Don't know how "correct" this is, but I used it on my '67. Trunk Paint - Aerosol | Dupli-Color
It went on very well, even from a can. It went where I pointed it, unlike regular spray can paint which does overspray. Website only mentions spray, no cans. Sorry if this is not acceptable.


----------



## GTO JUDGE (May 14, 2005)

greenjudge69 said:


> Who sells the best black,grey,aqua trunk paint for my 69? Looking to buy a quart. Thanks


I am partial to Eastwood, did mine and had very little over spray. Whichever you use make sure you use a satin clear sealer, at least 2 coats.

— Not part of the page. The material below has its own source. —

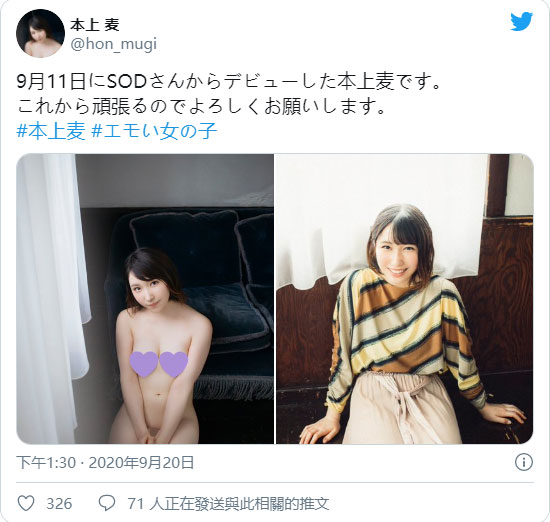 白晰美乳解放！ E罩杯果汁店女孩「本上麦」SOD专属出道！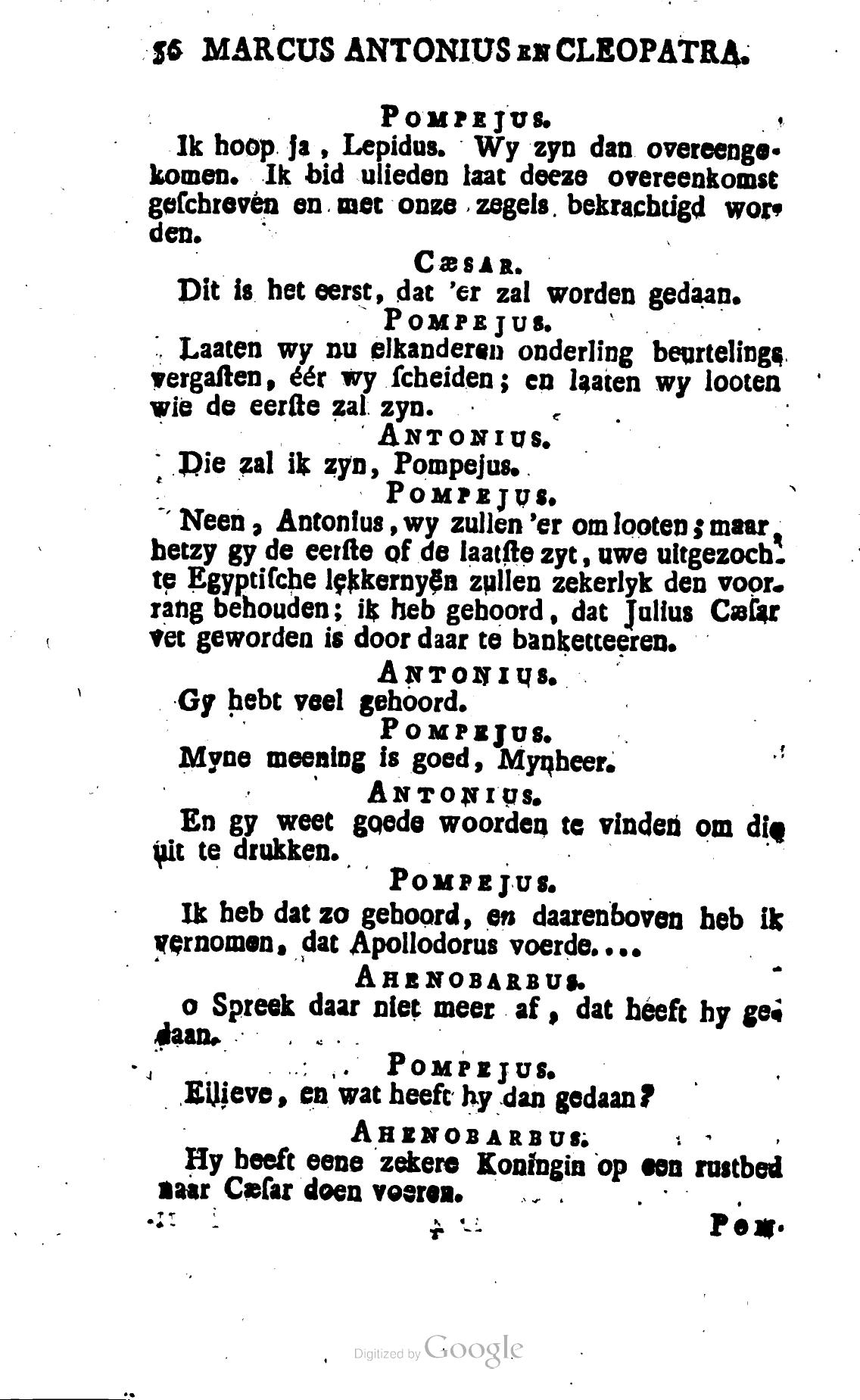 Shakespeare1781ca056.jpg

Some who didn't reported paint runs when the trunk got wet.


----------



## greenjudge69 (Mar 8, 2015)

Thanks. Going to see if I can have someone mix the R/M 844 code original GM stuff. Worth a try.


----------



## FooGee (Aug 10, 2011)

https://www.amazon.com/gp/product/B000QIHQ9Y/ this is the correct stuff for your '69

Genuine GM 1051499 Car Trunk Spatter Paint, 13 oz. Can, Black/Aqua

Eastwood above is probably a ok also. 


quart seems like a good way to go if you got a gun that can spray it. i had to get 5 cans of it.


----------



## greenjudge69 (Mar 8, 2015)

Sorry just saw your reply. Thank you. I'll check it out


----------